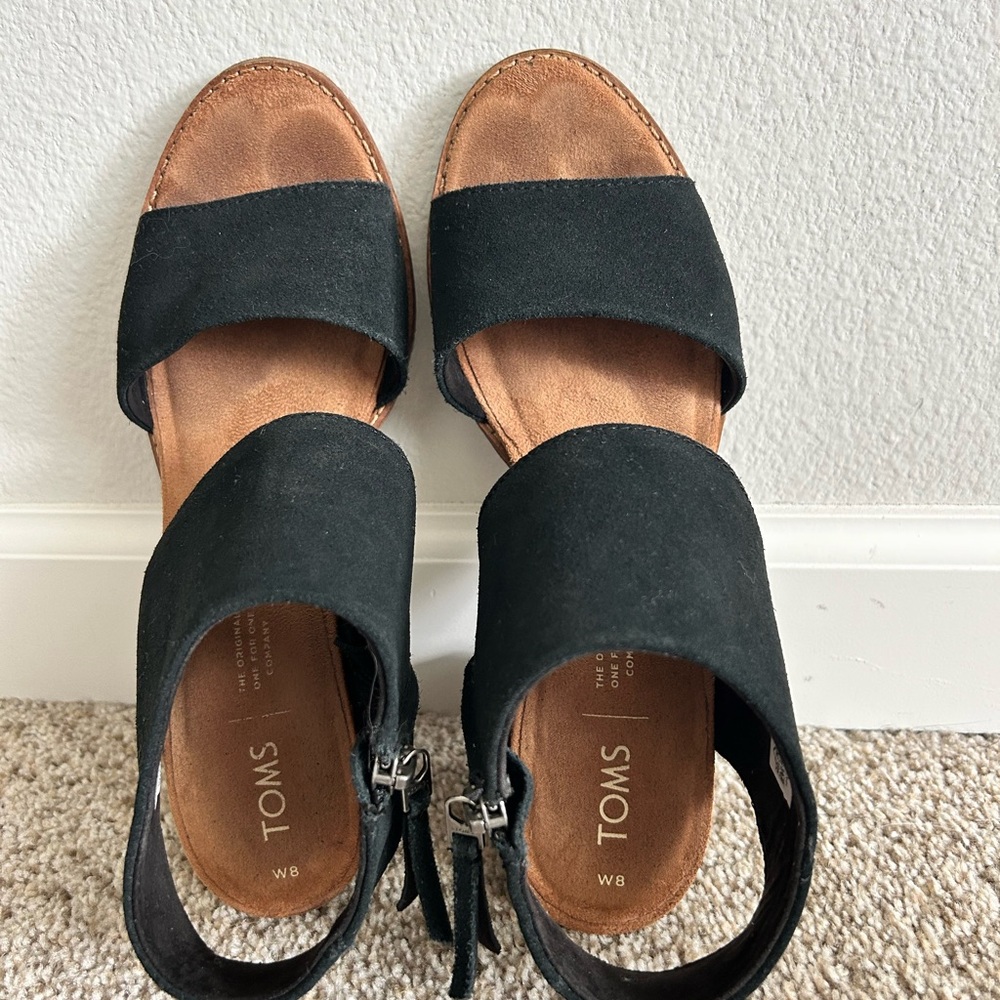 Toms Black Sandals Minimalist Comfort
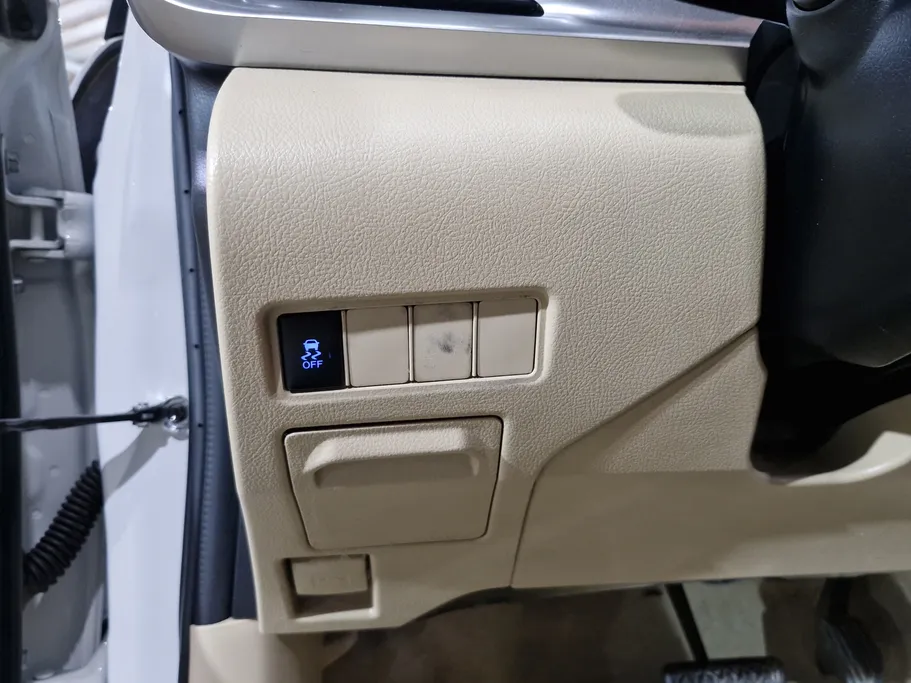 تويوتا يارس Y 2019 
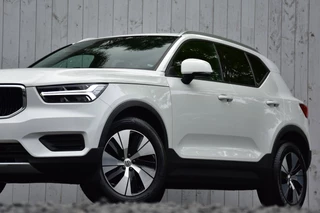 Volvo XC40 – thumbnail 2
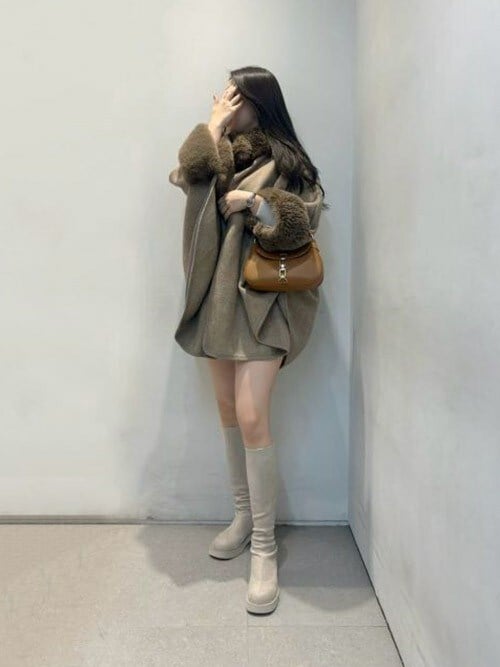 CHARLES & KEITH����̃V�����_�[�o�b�O�uAgatha �A�K�T �`�F�[���A�N�Z���g�z�[�{�[�o�b�O�iCHARLES & KEITH�b�`���[���Y & �L�[�X�j�v���g�����R�[�f�B�l�[�g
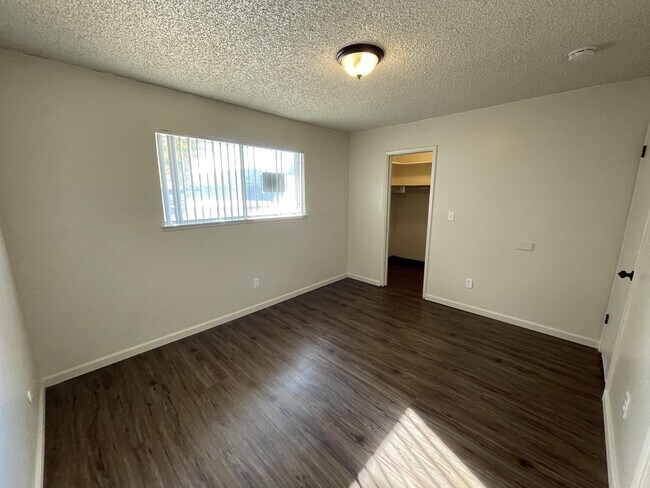 Building Photo - 1305 E Rumble Rd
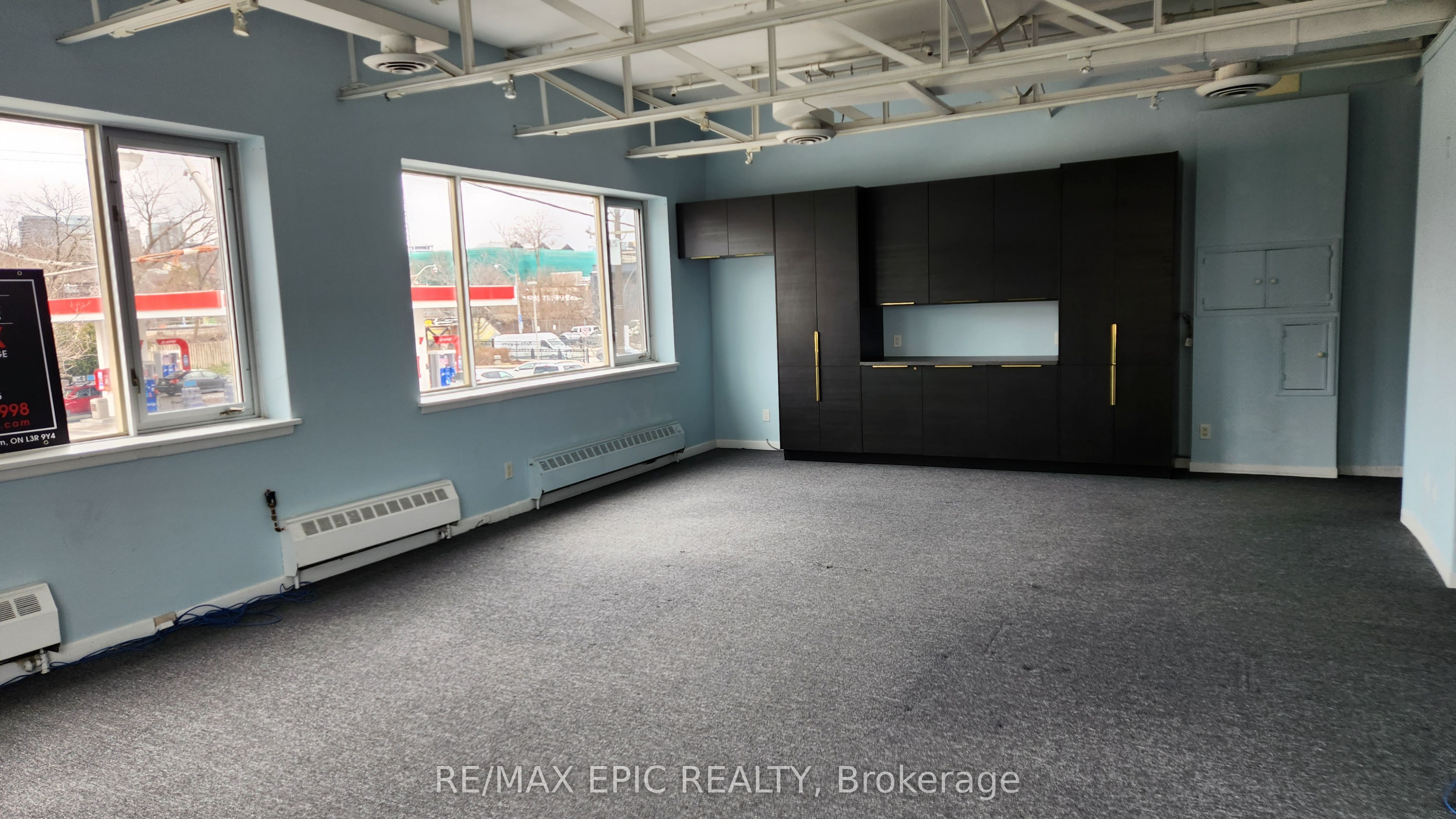 #1 - 329 St George Street Property Photo 4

◆ ◆ ◆ ◆

Work instruction: The task requires restating verbatim the lines from the one that holds "تويوتا يارس Y 2019" through the end of the listing, both ends counted, and no pictures.

Task answer:
 تويوتا يارس Y 2019 
 Volvo XC40 – thumbnail 2
 CHARLES & KEITH����̃V�����_�[�o�b�O�uAgatha �A�K�T �`�F�[���A�N�Z���g�z�[�{�[�o�b�O�iCHARLES & KEITH�b�`���[���Y & �L�[�X�j�v���g�����R�[�f�B�l�[�g
 Building Photo - 1305 E Rumble Rd
 #1 - 329 St George Street Property Photo 4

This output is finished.